• Task inputs:
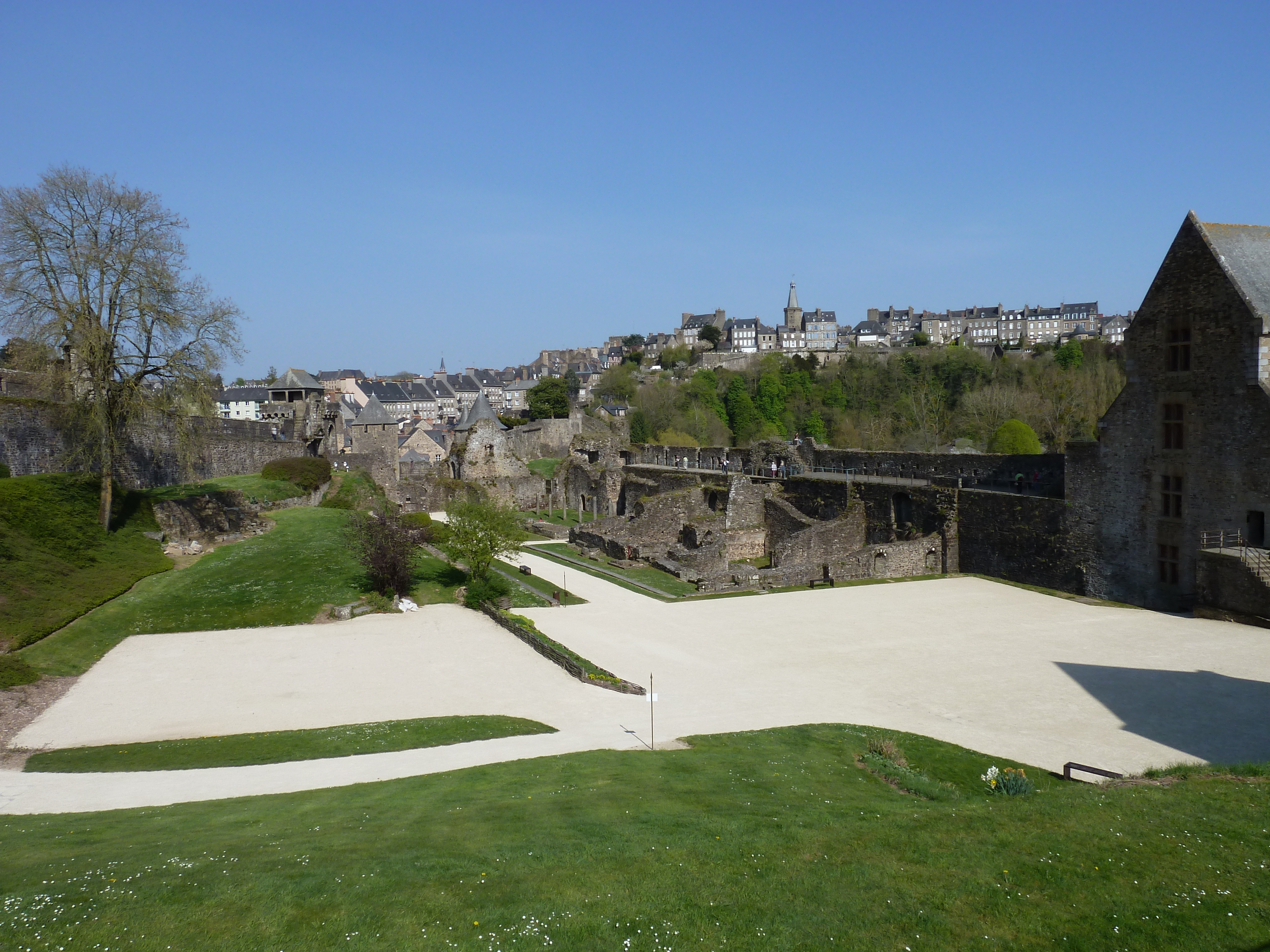 รูปถ่าย ฝรั่งเศส(France) ฟูแฌร์(Fougeres) 2010-04 93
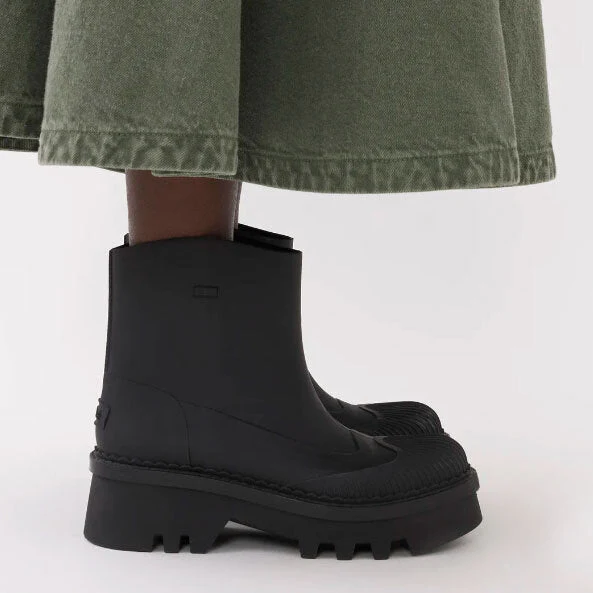 Raina black rubber rain boots - Image 6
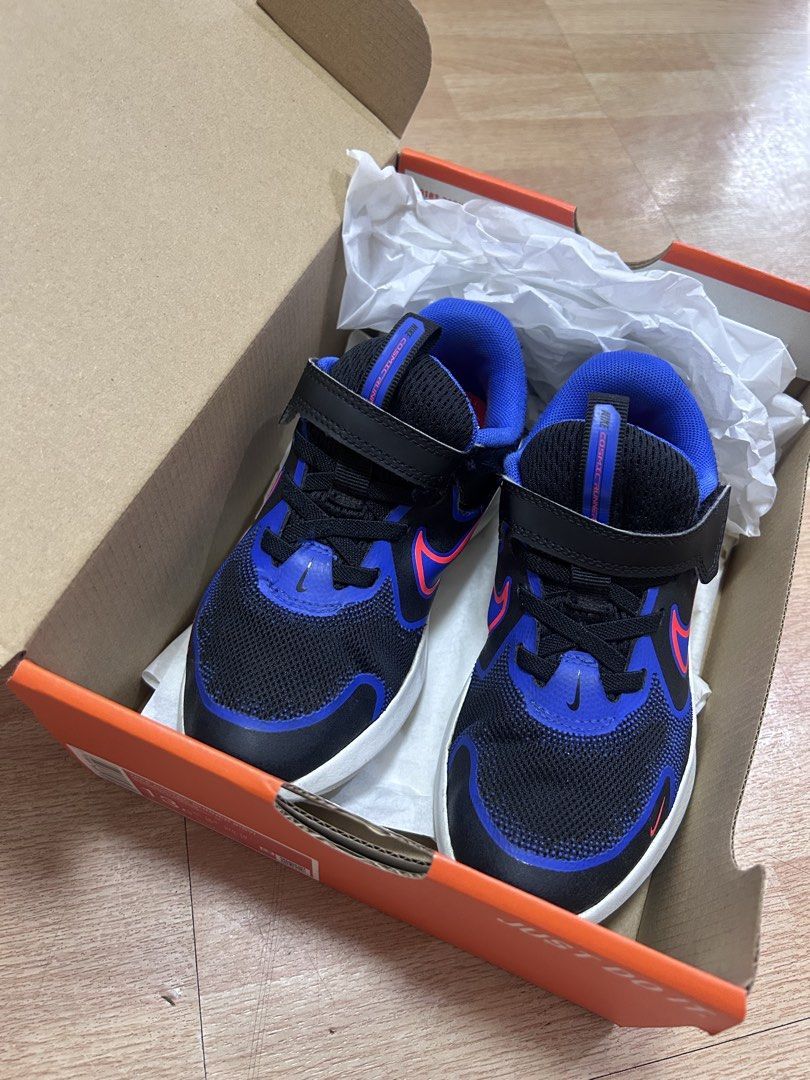 Nike Cosmic Runner (PSV) Kids Shoes (Category: Babies & Kids Fashion) located in Del Monte. Submitted by cheezy_aissa (Listing ID 1435940895, Image 2). Description: - Nike Cosmic Runner (PSV) kids shoes - Color: Black and Blue - Size: 13C - Easy on/off hook-and-loop strap - Includes original box - Made in Vietnam - Features a bright pink accent - Box size details: UK 12.5 cm 19, BR 30, EUR 31.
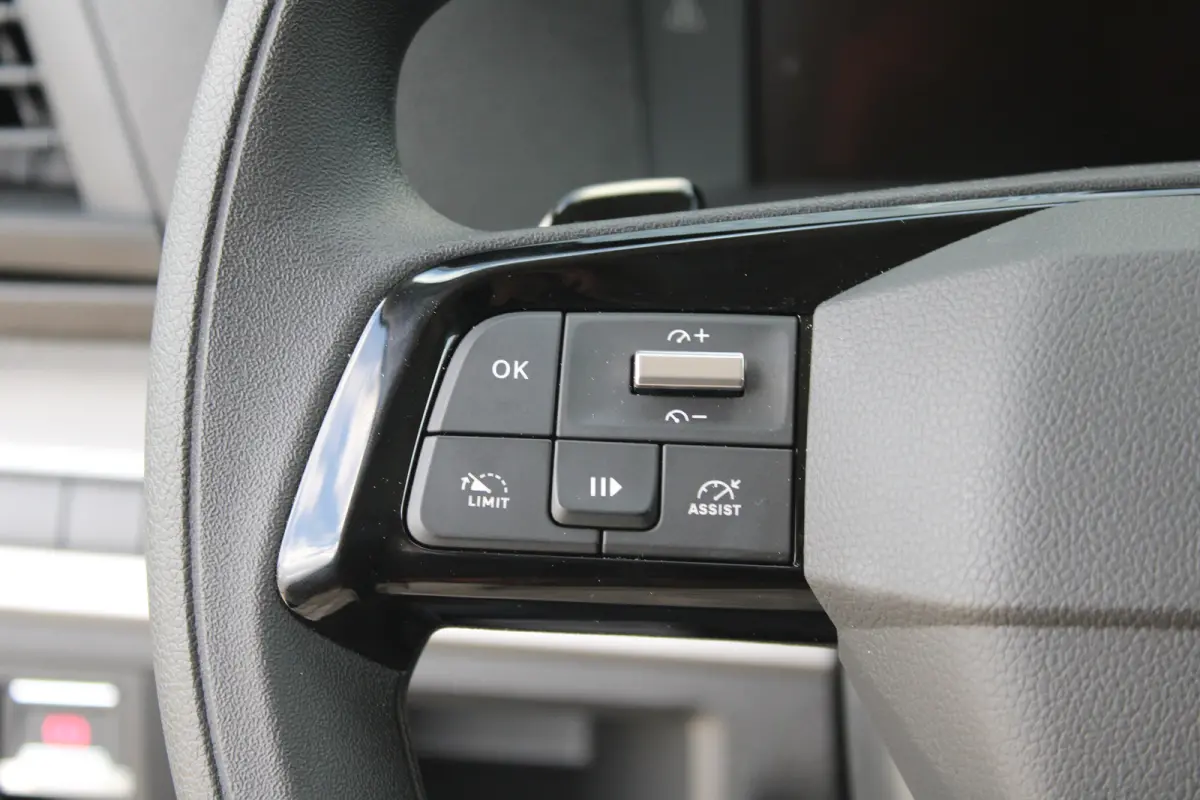 L3 75 kWh | 8 JAAR GARANTIE | CAMERA | NAVI | DRAADLOOS CARPLAY | COMFORT WAND |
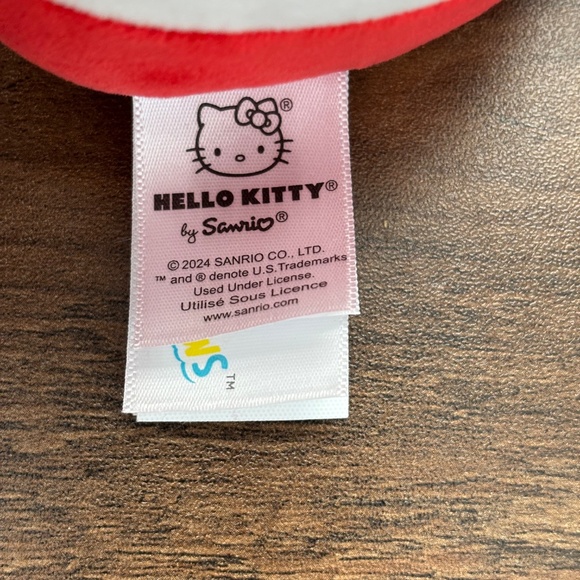 NWT SQUISHMALLOWS Sanrio Mini Plush 3.5" HELLO KITTY Clip On Key Chain Bag NEW - Picture 8 of 11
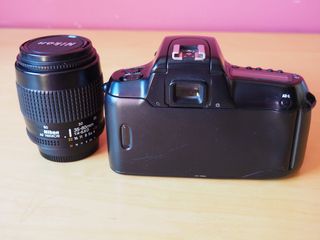 Cámara Nikon F50 con Objetivos 35-80mm y 80-200mm
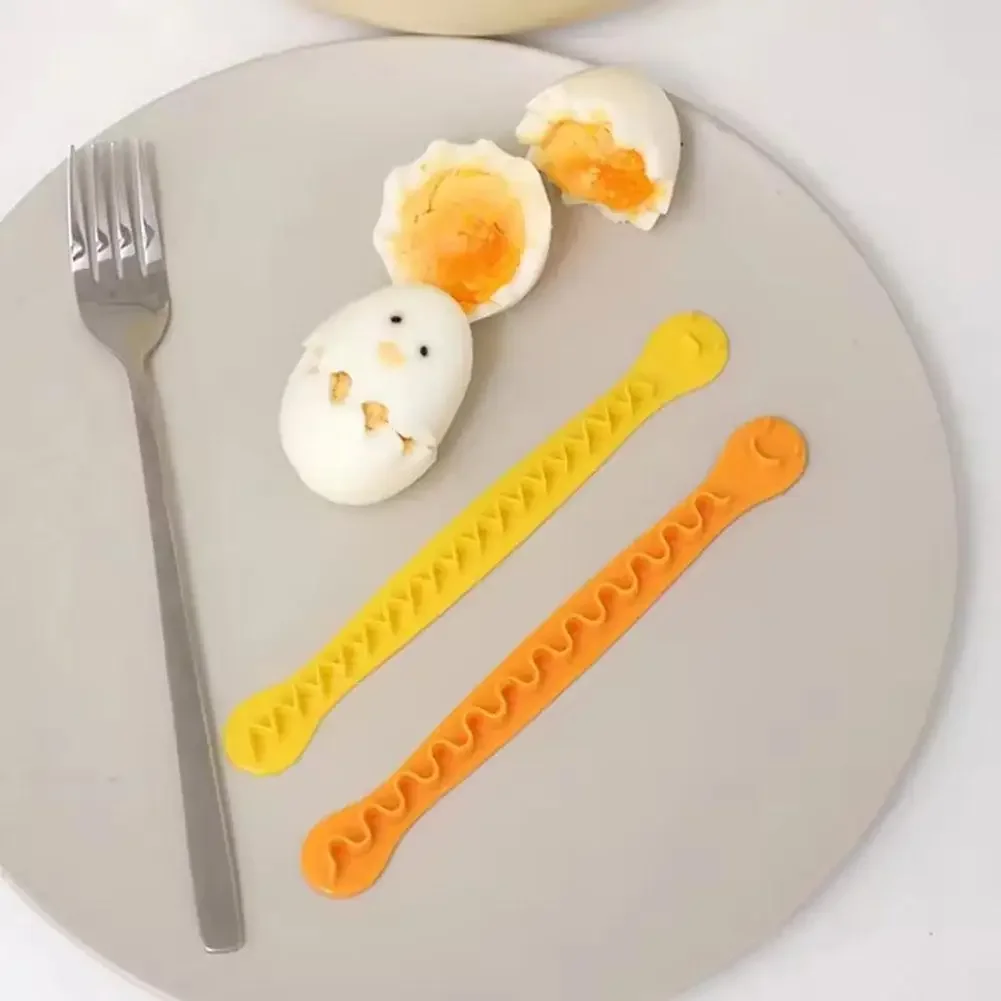 2個入り おしゃれなゆで卵カッター 可愛い卵殻型ゆで卵作り 弁当カットフラワーシェイパー 卵ツール キッチン調理器具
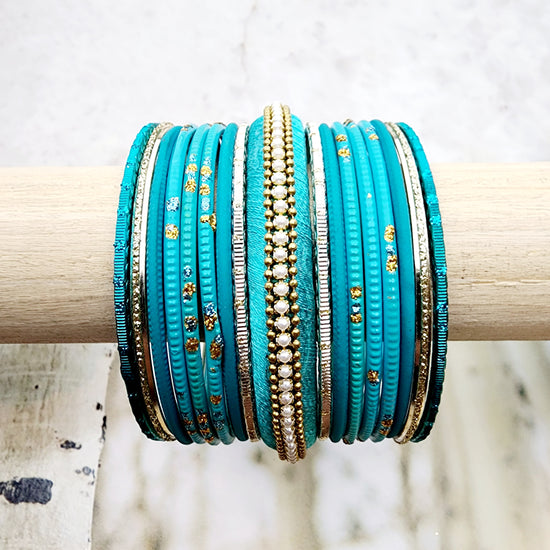 Load image into Gallery viewer, Tracey Ferrah Bangle Set Indian Bangles , South Asian Bangles , Pakistani Bangles , Desi Bangles , Punjabi Bangles , Tamil Bangles , Indian Jewelry
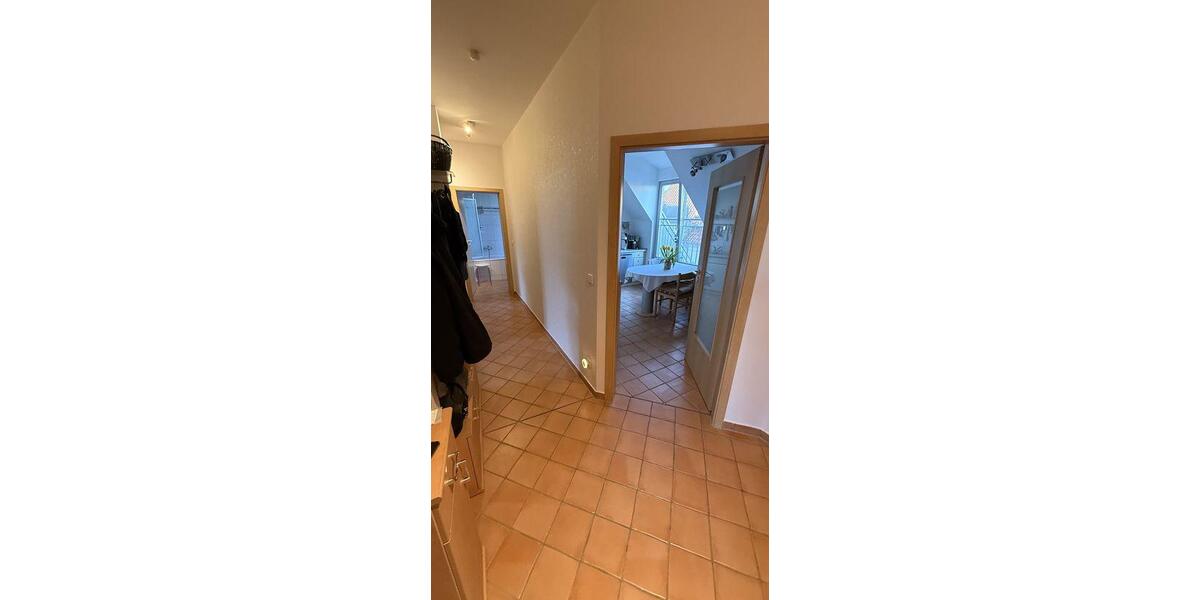 Dachgeschoßwohnung Stralsund - 3 Zimmer, 72 m&sup2;, 828&euro; | Angebot:26649256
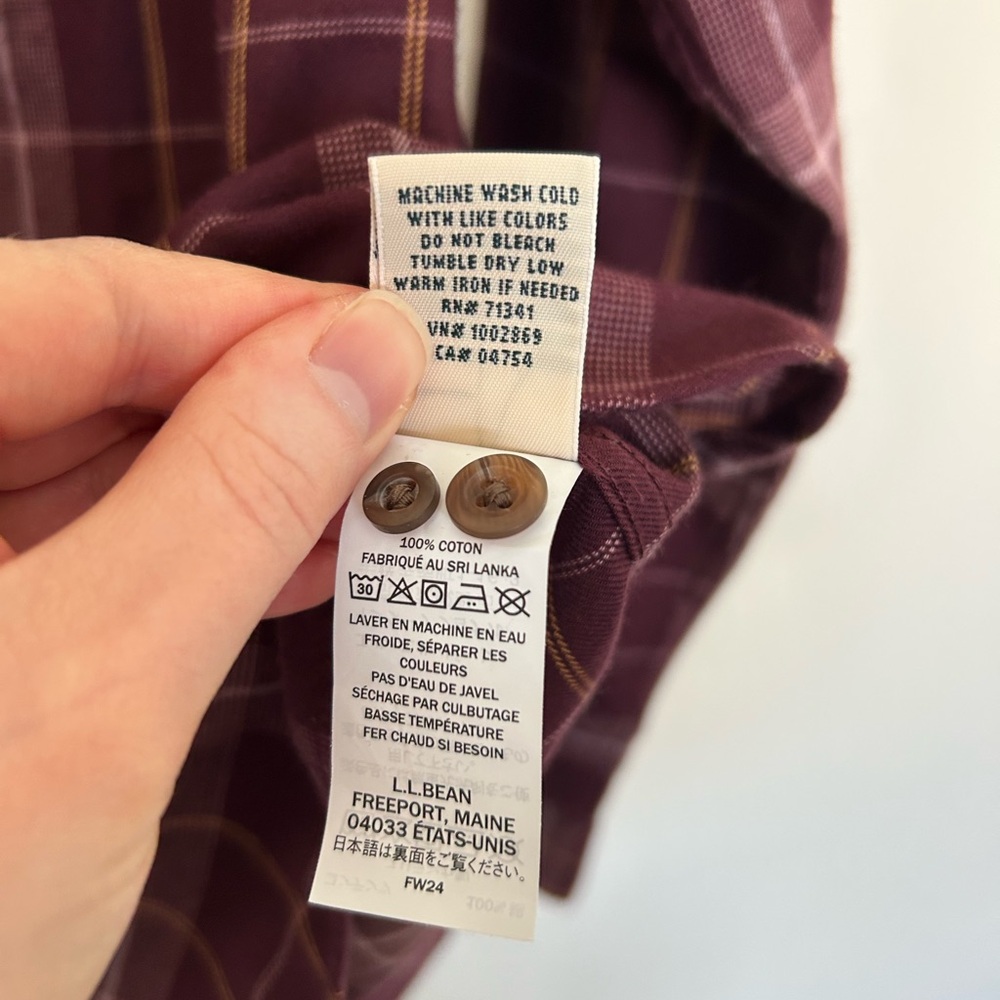 NWT L.L. Bean Whisperweight Flannel Button Shirt Size Medium Dark Plum - Picture 4 of 6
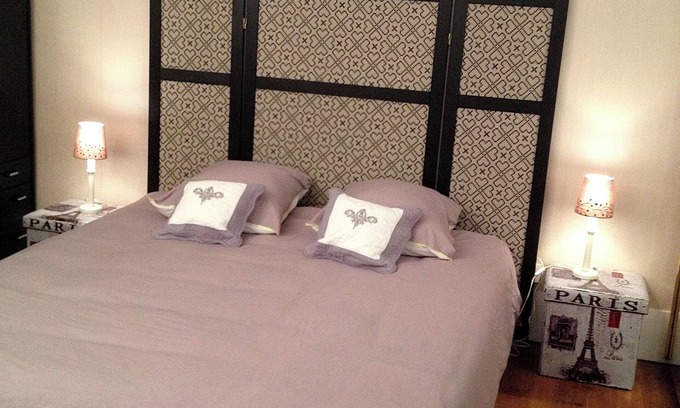 Republique–Point-du-Jour Apartment | Appartement Typiquement Parisien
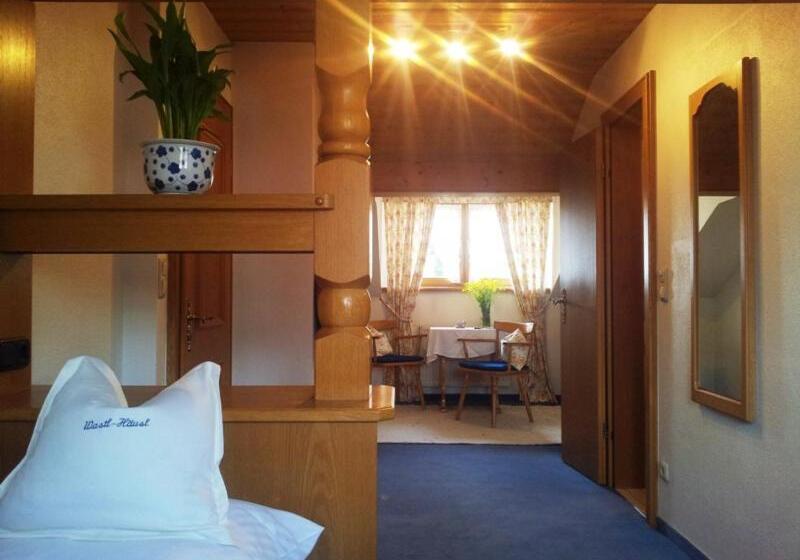 膳宿费 Wastl Häusl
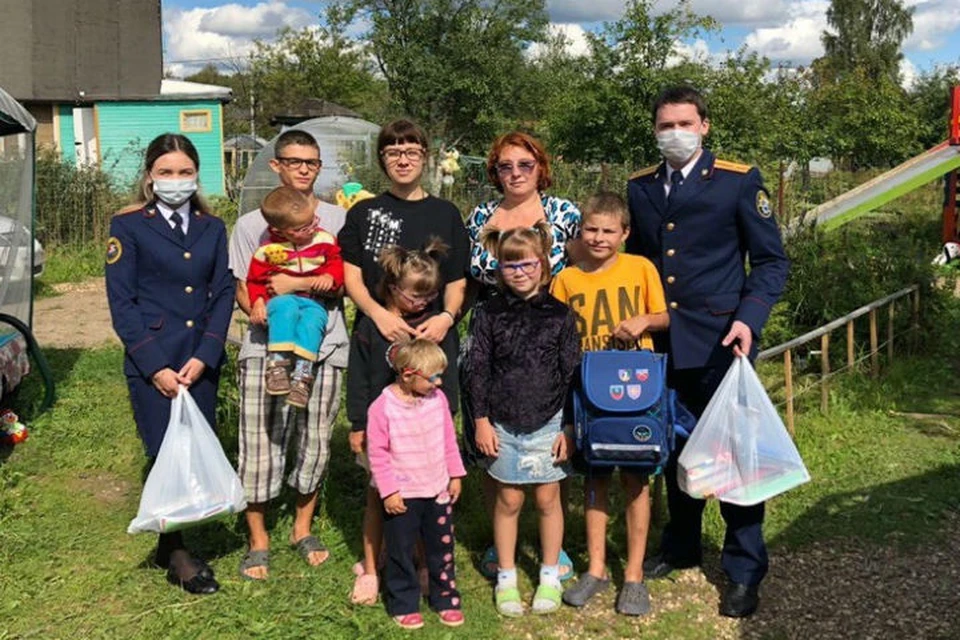 Следователи подарили ребятам комплекты школьных принадлежностей. ФОТО: пресс-служба СК России по Ярославской области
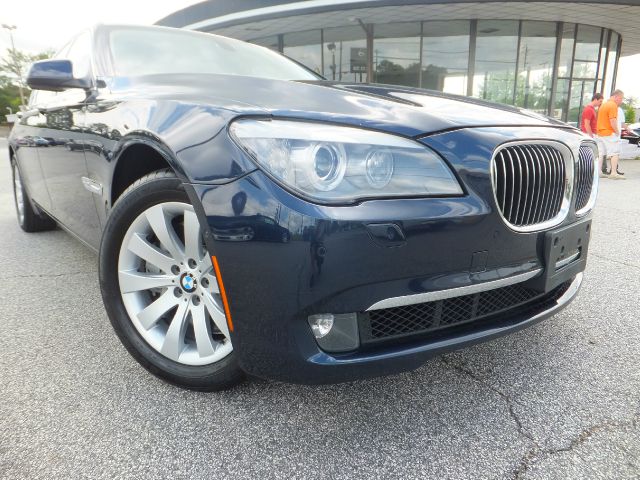 BMW 7 series 2010 photo 35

• Exercise requirements: Extract the run of lines from the line holding "膳宿费 Wastl Häusl" through the final line of the material above, exactly and inclusively. Leave the pictures behind.

• The completed task:
 膳宿费 Wastl Häusl
 Следователи подарили ребятам комплекты школьных принадлежностей. ФОТО: пресс-служба СК России по Ярославской области
 BMW 7 series 2010 photo 35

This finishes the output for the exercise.